It was after a study trip in Europe between 1870 and 1871 that Giovanni Battista Pirelli got the idea to dedicate himself to what was then a whole new industry—rubber—founding the limited partnership, G.B. Pirelli & C., in Milan in 1872 to make products out of elastic rubber. The young age of the global rubber industry and the limited capacity of the Italian market as an outlet for their products soon drove the company to look abroad right from the first years of business.
A real turning point for the Italian firm came in 1902 when they opened the Spanish facilities in Villaneuva y Geltrù just south of Barcelona, as this marked the start of a long process of internationalisation, one that the company has never abandoned and which has enabled them to become a truly multinational organisation, one centred around the group's Bicocca headquarters on the site of their first manufacturing facility, the old cooling tower of which remains an architectural feature at the heart of the company's headquarters to this day.

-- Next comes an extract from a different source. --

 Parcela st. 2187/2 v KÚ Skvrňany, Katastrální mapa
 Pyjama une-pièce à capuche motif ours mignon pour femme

It is here at its Bicocca headquarters where Pirelli also has the group's primary Research & Development unit, which oversees all research conducted by the eight other R&D facilities around the world—a world in which Pirelli now has 20 production sites in 14 nations, all of which have returned to focus entirely on the production of tyres.
Pirelli's home nation features production facilities in Bollate (Milan) and the group's most technologically advanced site, the Settimo Torinese Industrial Complex, which was born out of the union of two Pirelli plants into a single complex covering an area of 250,000 square metres. Elsewhere in Europe, Pirelli has two sites in the United Kingdom—in Burton-on-Trent, established in 1929, and in Carlisle, established in 1969—as well as the facilities established in 1963 in Breuberg, Germany. The plant in Izmit, Turkey, has been active since 1962 and is where the company makes its tyres for Formula 1, along side its tyres for both cars and trucks. Since 1999, Pirelli has had production facilities in Alexandria, Egypt, to cover the African market and meet the region's needs for truck tyres. In the 2000s, in order to take advantage of opportunities arising from growing demand in rapidly developing economies, the group opened facilities in Slatina, Romania (2006), in Yanzhou, China (2005), and in Guanajuato, Mexico (2012), the production of which supports that of the U.S. facilities in Rome, Georgia (2002), thereby freeing up capacity for the South American facilities that previously did work for the NAFTA market.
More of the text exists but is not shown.